Strangely, both episodes somehow sound optimistic. There’s light at the end of the tunnel.
In the first episode Halldór Eyjólfsson, former fisherman and CEO of 66 Degrees North, says that his company’s ads, shown above, explain the Icelandic character: “Some people say they are sad, but they’re not sad. They are fighting. They are survivors. They are living on the edge of where it’s feasible to live and they are surviving.” In fact, I know that facial expression very well. It’s how you look when the wind chill is -20° celcius.

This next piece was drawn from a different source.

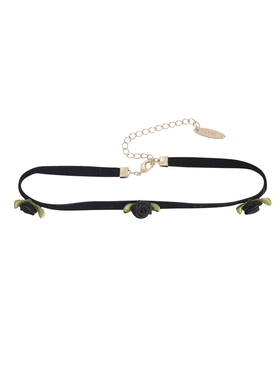 秋冬新款E*TME小玫瑰花丝绒带性感锁骨链脖链项链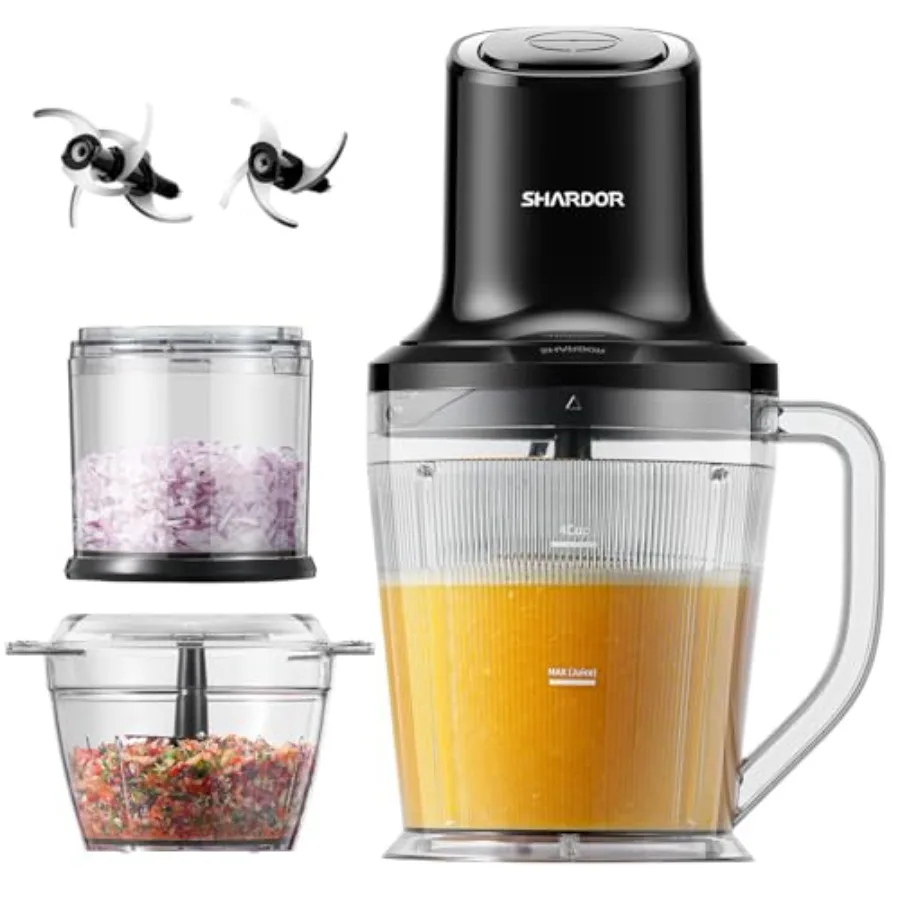 3-in-1 Small Food Processor/Blender, 400W Powerful Food Chopper with 6-Cup Jar, 4-Cup Processor Bowl and 2-Cup Chopper Bowl, fo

The second episode is about the investment fund Auður Capital. It was founded by two female heavy-weights from the Icelandic investment community, Halla Tómasdóttir and Kristín Jónsdóttir, and it has feminine oriented approach to investing. “We’re prepared to use our logical intelligence as well as our emotional intelligence when it comes to investing,” they say. Their main point is that any business that is either too male or female dominated loses out on the benifits of diversity.

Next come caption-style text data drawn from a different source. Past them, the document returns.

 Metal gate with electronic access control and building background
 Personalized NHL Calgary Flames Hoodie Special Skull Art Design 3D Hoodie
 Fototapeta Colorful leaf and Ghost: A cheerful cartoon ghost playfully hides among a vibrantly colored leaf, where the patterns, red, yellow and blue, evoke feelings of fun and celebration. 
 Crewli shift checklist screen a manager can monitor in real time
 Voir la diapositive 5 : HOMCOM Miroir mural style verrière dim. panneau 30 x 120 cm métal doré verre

The situation may be bleak at the moment, but there is optimism in the entrepreneurial circles. Various Icelandic start-ups are using the sudden availability of a vast talent pool to do some very interesting things. The country will without a doubt rise from the ashes stronger than it was before, with a more diverse source of income than previously when it relied so heavily on one sector, be it aluminum, banking or cod.